Whether a tribunal should continue with its proceedings despite an absence depends in part on when the absence occurs. On the one hand, it may be appropriate to continue in truncated fashion when the absence occurs during deliberations.31 On the other hand, it may be inappropriate to do so when a lengthy absence occurs early in arbitration.32 In such a case application of Article 13(2) on the basis of failure to act would be more appropriate. But even in such early stages, it may be appropriate to continue through a brief absence. Because absence can take many forms, only the two most difficult cases are addressed here: absence from deliberations and absence from the hearing.33

The Express Power to Proceed. One ad hoc tribunal applying the UNCITRAL Rules has held that “an arbitral tribunal has not only the right, but the obligation, to proceed when, without valid excuse, one of its members fails to act, withdraws or … even purports to resign.”34 What is the source of such a power to proceed?
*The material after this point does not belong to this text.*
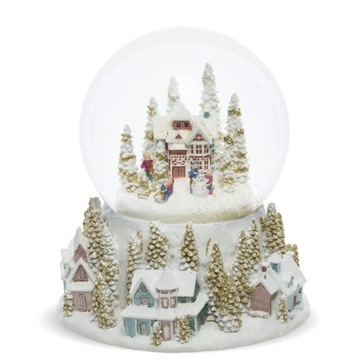 РОЖДЕСТВЕНСКОЕ УКРАШЕНИЕ - СТЕКЛЯННЫЙ ШАР С МУЗЫКАЛЬНОЙ ШКАТУЛКОЙ - ЗИМНЯЯ ДЕРЕВНЯ I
An examination of a tribunal's power to do any act must begin with an examination of the agreement of the parties expressed in the compromissory clause.

The UNCITRAL Rules do not specifically address the problem of absence of an arbitrator.35 Article 15(1) of the Tribunal Rules, however, provides some basis for the Tribunal to proceed: (p. 289)

Subject to these Rules, the arbitral tribunal may conduct the arbitration in such manner as it considers appropriate, provided that the Parties are treated with equality and that at any stage of the proceedings each Party is given a full opportunity of presenting his case.

The issue is whether it may be “appropriate” for a tribunal to proceed in truncated fashion when an unjustified absence occurs. Such a possibility of truncated proceedings obviously would have to be applied “with equality” to both parties.

The agreement of the parties must be examined for both an express grant of a power and a clear denial of such a power. The Agent for Iran, for example, repeatedly argued that the provision of Article III(1) of the Claims Settlement Declaration, which states that “[c]laims may be decided by the Full Tribunal or by a panel of three members,” established a quorum requirement that renders any proceedings in the absence of an arbitrator legally invalid.36 The Tribunal interpreted this provision, however, as merely definitional and not as establishing a quorum rule. It was thus not viewed by the Tribunal as a limitation on the power of the Tribunal to proceed in truncated fashion.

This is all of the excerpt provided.